Freundliche Gespenster
Esben And The Witch
Ob mit dem Van in den Weiten Utahs oder zwischen bunten Projektionen in einem abgeschotteten Landhaus in East Sussex: Das Trio aus Brighton schwebt weiter durch schaurig-schöne Traumlandschaften. Allerdings ist ihm jetzt nicht mehr ganz so kalt.

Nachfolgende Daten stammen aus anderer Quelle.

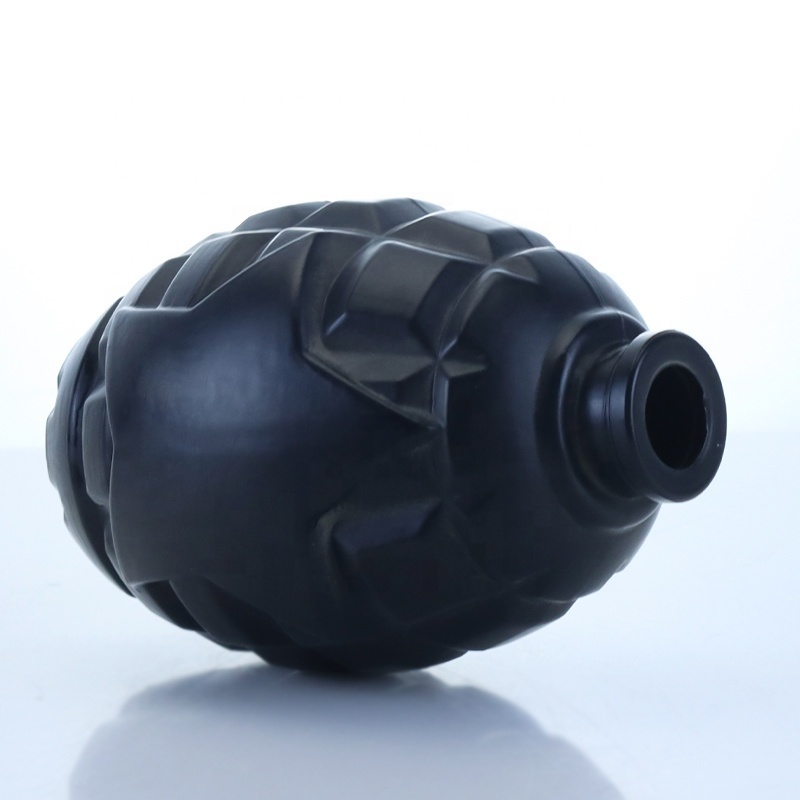 Wholesale Hot Quality Grenade Bottles 500ml Mermaid Shape Bottle Vodka Glass Black 750ml 500ML Screen Printing Wine Packing Cork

Zur Vorbereitung des Interviews klickt man sich durch diverse Links, die die Band auf Twitter geteilt hat. Einer davon führt zur Zeichentrickverfilmung des Kinderbuchklassikers „Big Friendly Giant“ von Roald Dahl (dt.: „Sophiechen und der Riese“) – ein Film, den man meint, noch nie gesehen zu haben. Falsch. Völlig unvermittelt findet man sich wieder in einer der grauenerregendsten, intensivsten Filmerfahrungen des eigenen Lebens. Tief verschüttete Erinnerungen werden wachgerufen an schlaflose Nächte voller Todesangst vor menschenfressenden Riesen, die durchs Fenster greifen und Kinder stehlen. Man freut sich doppelt: Weil man tief sitzende Kindheitstraumata verarbeiten kann, und weil man damit auch den idealen Einstieg für ein Gespräch mit Esben And The Witch gefunden hat. Die surreale Phantastik düsterer Märchen, unheimliche Traumwelten, der schmale Grat zwischen Faszination und Grauen – das sind genau die Landschaften, durch die dieses Trio wandelt.
Die Unterhaltung dreht sich also anfangs um alte Kinderfilme und die bemerkenswerte Bereitschaft ihrer Macher, ihrem jungen Publikum Grauenvolles zuzumuten. Man kommt von „Alice im Wunderland“ zum Kinderfänger in „Chitty Chitty Bang Bang“, wandert durch Pans und David Bowies Labyrinth, landet bei der beängstigenden Besenvermehrung in Disneys „Fantasia“. Rachel Davies, Daniel Copeman und Thomas Fisher unterhalten sich gerne, angeregt mäandernd diskutieren sie Filme, Bücher und das eigene Schaffen und gehen dabei so vollendet höflich miteinander um, wie es nur Briten können: „That’s certainly an interesting point, though …“
Die enthusiastischen Geeks haben sich für die Arbeiten an ihrem zweiten Album in einem Landhaus in East Sussex verkrochen. Die Vorhänge wurden zugezogen, die Wände als Projektionsflächen für Filme und Bilder genutzt. „Wir haben das Haus versiegelt und von innen mit Dingen aufgefüllt, die uns inspirieren. Wir haben uns in unsere eigene kleine Welt eingeschlossen, um eine neue zu erschaffen“, berichtet Sängerin Rachel Davies.
Das Album, das dabei herausgekommen ist, zeigt sich deutlich zugänglicher als das klirrend kalte Debüt. Mit dem Titel Wash The Sins Not Only The Face erlaubt sich die Band sogar ein Späßchen. „Wir wollten ein wärmeres, lebendigeres Album machen. Humor ist vielleicht das falsche Wort. Es geht um eine gewisse Menschlichkeit, die eben manchmal auch ein wenig komisch wirken kann“, sagt Thomas Fisher. „Wir mussten aber auch erst einmal genug Selbstvertrauen für so etwas bekommen.“ Deutlich zurückgeschraubt wurden die dynamischen Ausbrüche in der Musik, die dramatische Geste. Das neue Material ist wesentlich ruhiger und ebenmäßiger. „‚Brauchen wir das wirklich, ist das notwendig?‘, haben wir uns gefragt. Die Platte ist noch dramatisch genug, aber diese Momente sind jetzt besser in den Fluss des Albums integriert, weniger konfrontativ.“
Der beliebte Topos vom Album als eine Reise wird bemüht. Esben And The Witch waren ja tatsächlich unterwegs – auf US-Tour. Daniel Copeman: „England ist so klein und vollgestopft. In den USA gleitest du in deinem Van stundenlang durch diese surrealen Weiten. In Utah zum Beispiel. Man fühlt sich so unbedeutend, aber auf eine aufregende Art und Weise.“ Da ist er wieder, der schmale Grat zwischen Staunen und Schaudern, Faszination und Schrecken. Esben And The Witch beschreiten ihn trittsicher.